[Data extract]

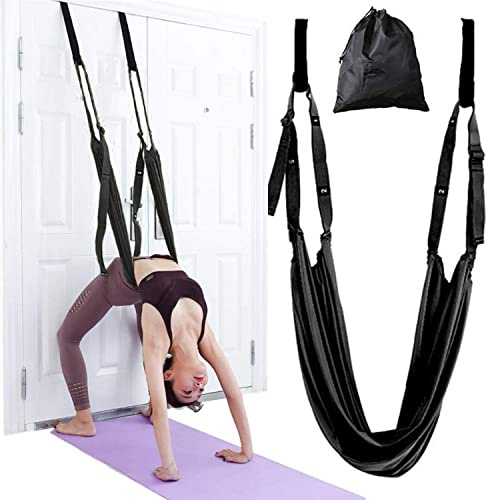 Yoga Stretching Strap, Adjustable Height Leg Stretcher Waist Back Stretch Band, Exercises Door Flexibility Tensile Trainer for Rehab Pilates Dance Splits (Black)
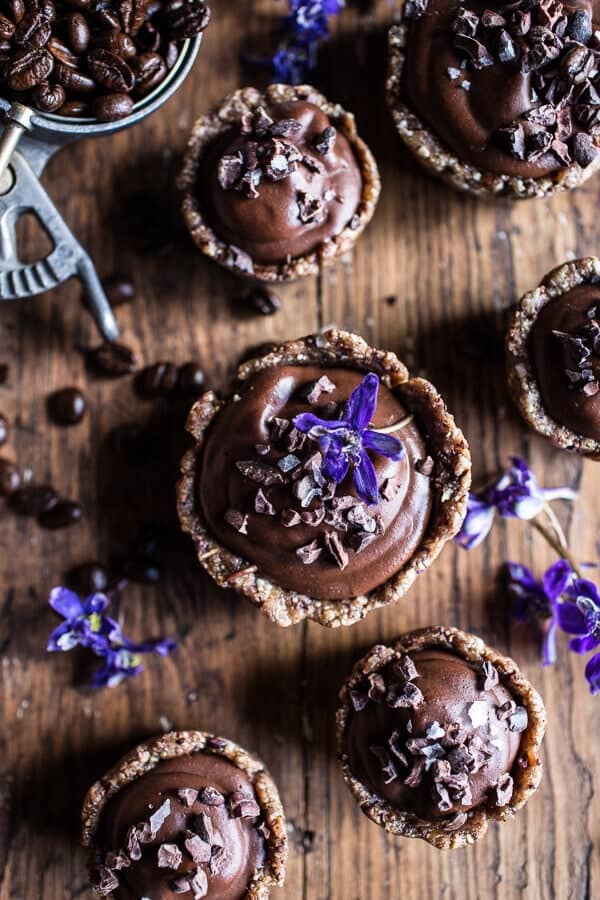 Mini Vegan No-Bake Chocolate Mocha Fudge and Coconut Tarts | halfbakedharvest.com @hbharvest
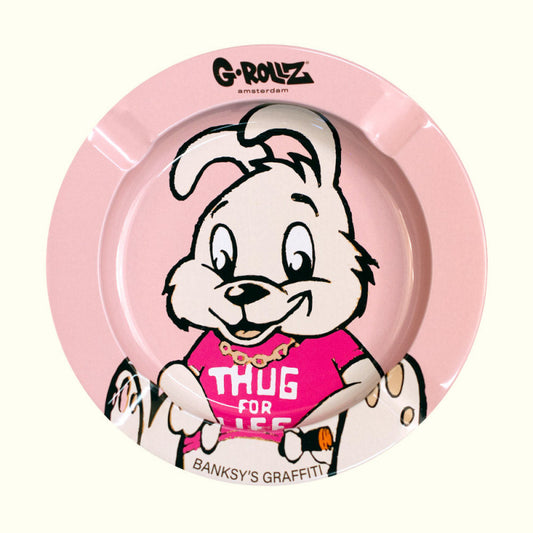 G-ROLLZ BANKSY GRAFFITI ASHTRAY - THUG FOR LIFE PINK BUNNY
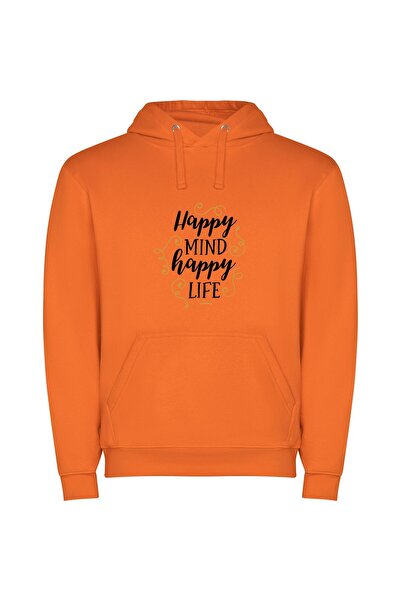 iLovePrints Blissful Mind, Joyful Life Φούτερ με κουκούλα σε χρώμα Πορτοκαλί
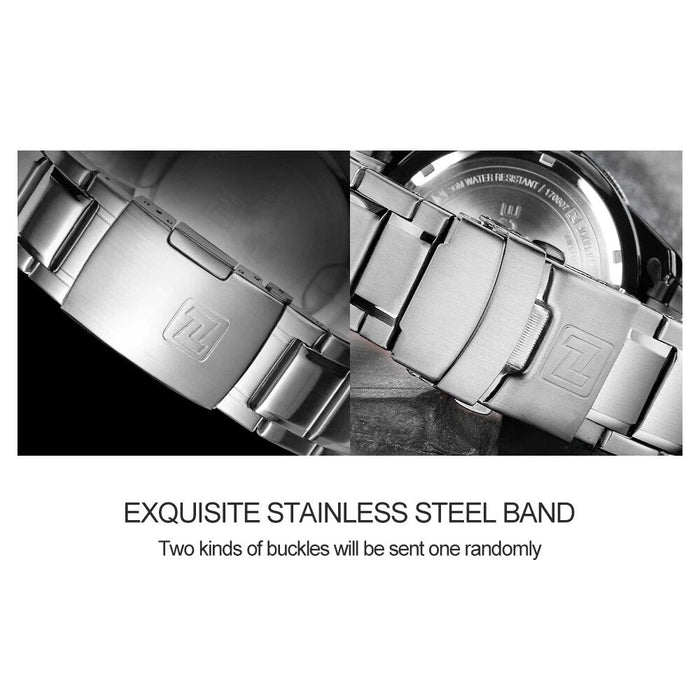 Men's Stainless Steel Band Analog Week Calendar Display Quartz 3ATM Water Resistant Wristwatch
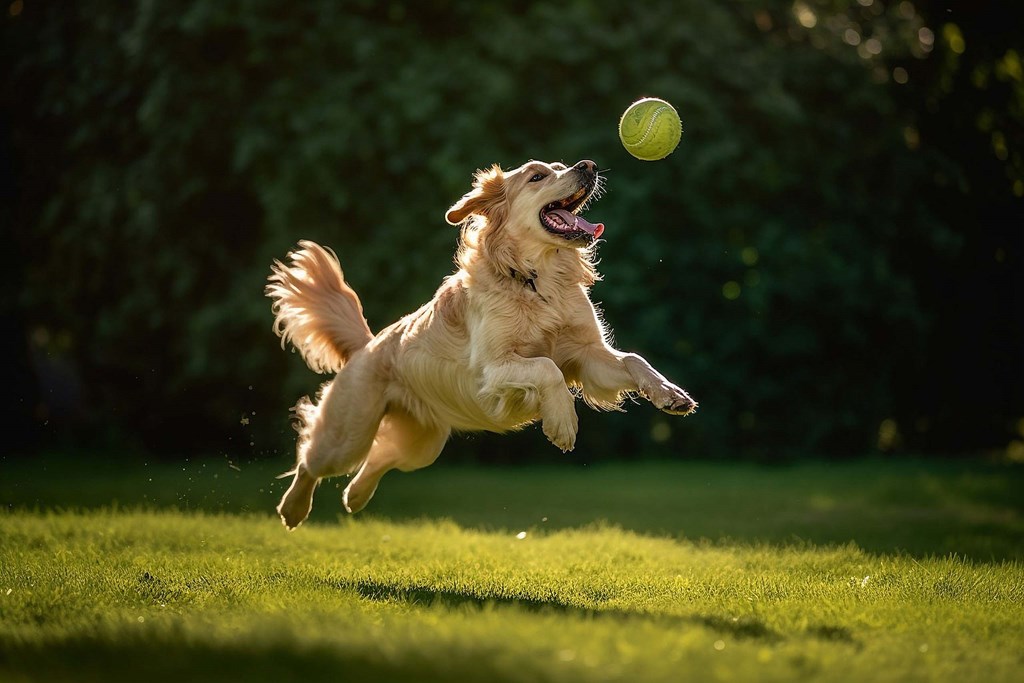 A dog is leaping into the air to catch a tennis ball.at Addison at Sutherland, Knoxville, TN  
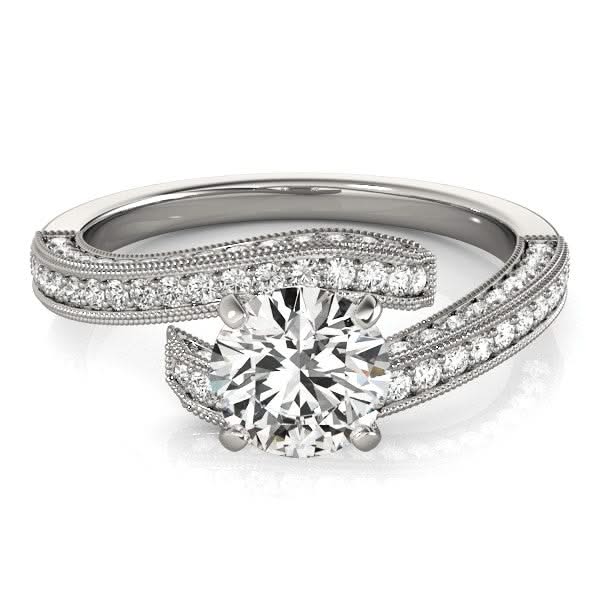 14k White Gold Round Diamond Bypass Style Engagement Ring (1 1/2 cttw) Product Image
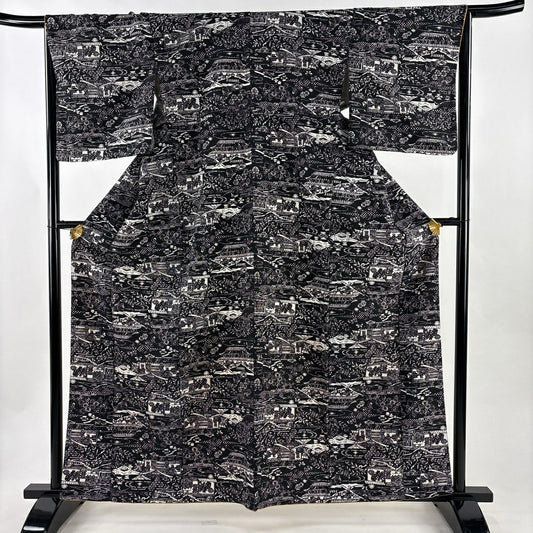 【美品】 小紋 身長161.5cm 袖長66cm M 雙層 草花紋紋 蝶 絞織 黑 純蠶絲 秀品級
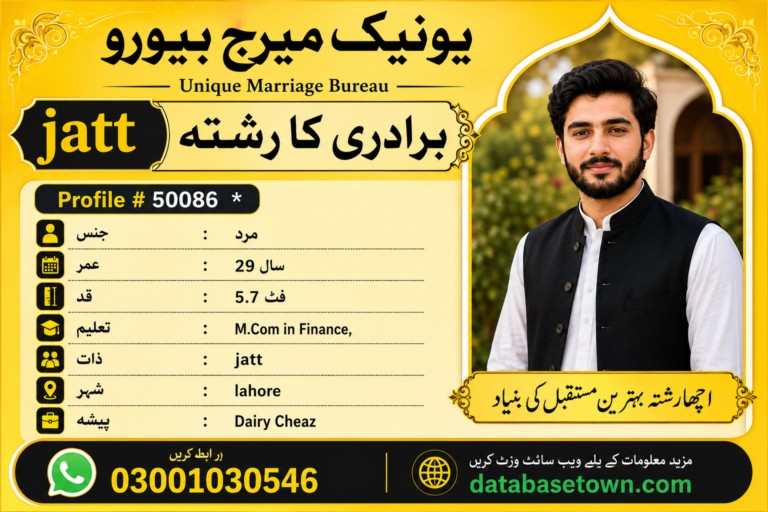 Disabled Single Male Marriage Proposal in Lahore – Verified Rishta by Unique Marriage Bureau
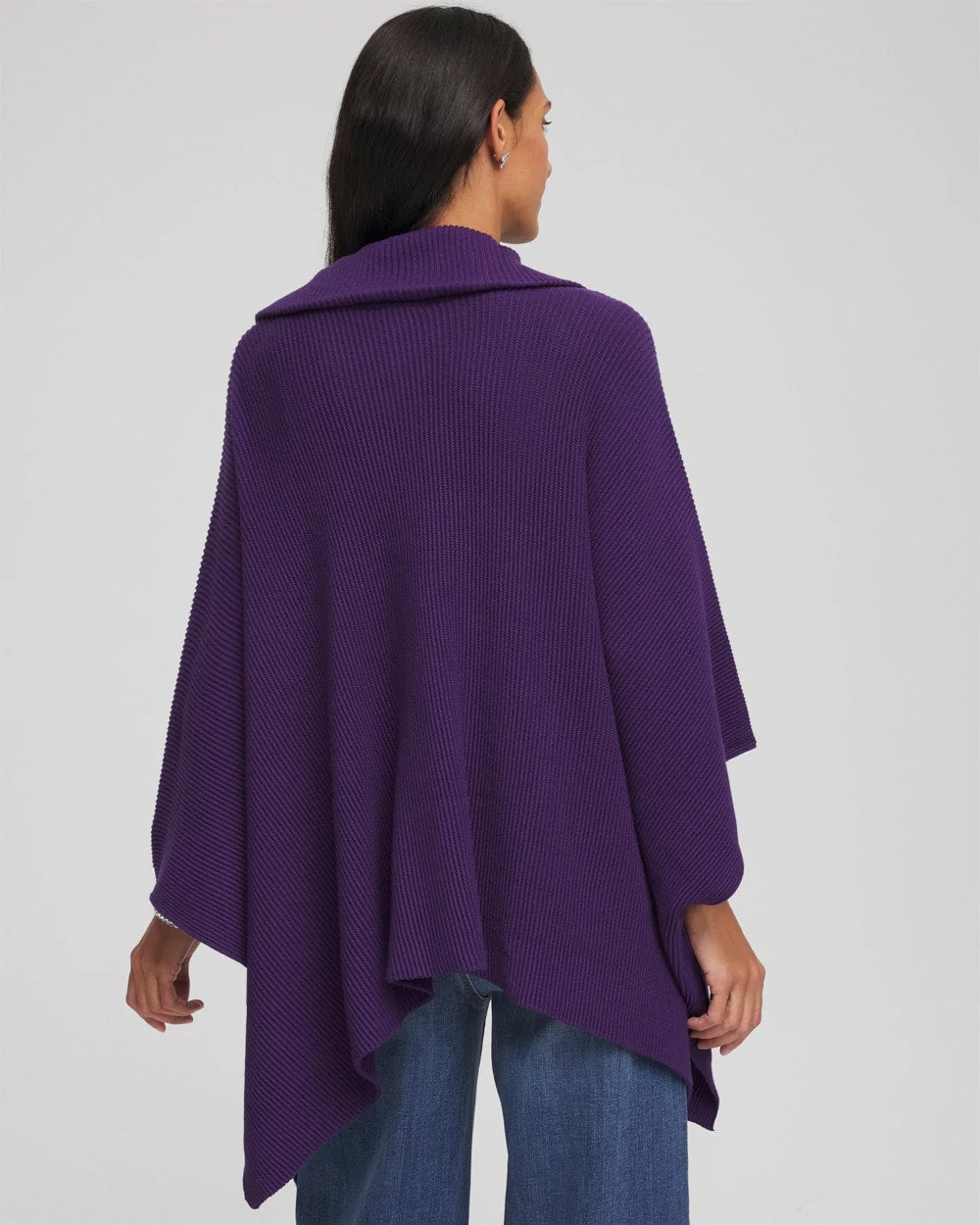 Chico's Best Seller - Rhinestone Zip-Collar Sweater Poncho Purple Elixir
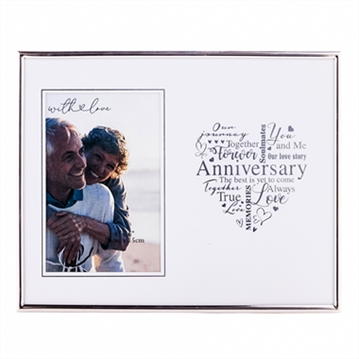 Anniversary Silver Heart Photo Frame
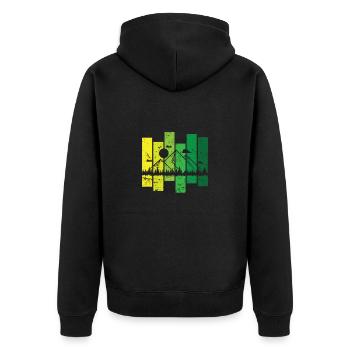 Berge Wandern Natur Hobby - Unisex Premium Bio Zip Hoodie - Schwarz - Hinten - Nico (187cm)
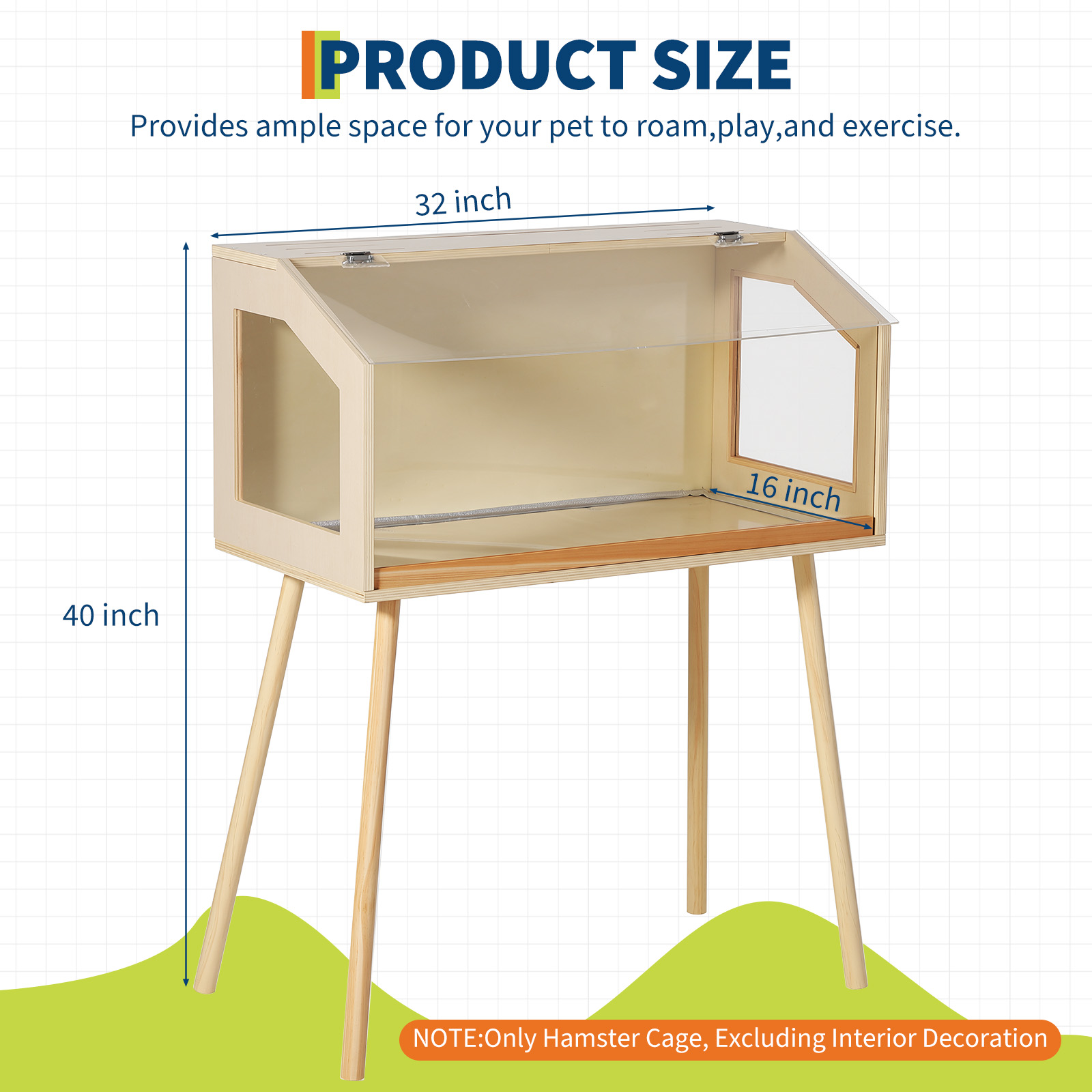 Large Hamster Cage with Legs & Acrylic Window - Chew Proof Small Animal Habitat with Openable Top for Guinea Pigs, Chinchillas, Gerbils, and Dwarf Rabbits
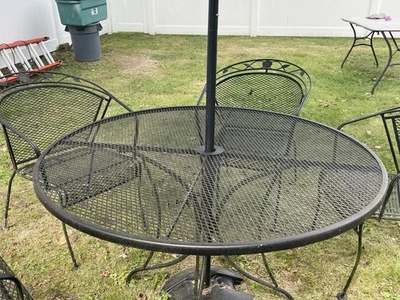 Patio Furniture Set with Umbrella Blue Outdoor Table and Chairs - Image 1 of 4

[/Data extract]

# [Problem requirements]
Word for word, repeat the data above with the pictures left out.

# [Written response]
 Yoga Stretching Strap, Adjustable Height Leg Stretcher Waist Back Stretch Band, Exercises Door Flexibility Tensile Trainer for Rehab Pilates Dance Splits (Black)
 Mini Vegan No-Bake Chocolate Mocha Fudge and Coconut Tarts | halfbakedharvest.com @hbharvest
 G-ROLLZ BANKSY GRAFFITI ASHTRAY - THUG FOR LIFE PINK BUNNY
 iLovePrints Blissful Mind, Joyful Life Φούτερ με κουκούλα σε χρώμα Πορτοκαλί
 Men's Stainless Steel Band Analog Week Calendar Display Quartz 3ATM Water Resistant Wristwatch
 A dog is leaping into the air to catch a tennis ball.at Addison at Sutherland, Knoxville, TN  
 14k White Gold Round Diamond Bypass Style Engagement Ring (1 1/2 cttw) Product Image
 【美品】 小紋 身長161.5cm 袖長66cm M 雙層 草花紋紋 蝶 絞織 黑 純蠶絲 秀品級
 Disabled Single Male Marriage Proposal in Lahore – Verified Rishta by Unique Marriage Bureau
 Chico's Best Seller - Rhinestone Zip-Collar Sweater Poncho Purple Elixir
 Anniversary Silver Heart Photo Frame
 Berge Wandern Natur Hobby - Unisex Premium Bio Zip Hoodie - Schwarz - Hinten - Nico (187cm)
 Large Hamster Cage with Legs & Acrylic Window - Chew Proof Small Animal Habitat with Openable Top for Guinea Pigs, Chinchillas, Gerbils, and Dwarf Rabbits
 Patio Furniture Set with Umbrella Blue Outdoor Table and Chairs - Image 1 of 4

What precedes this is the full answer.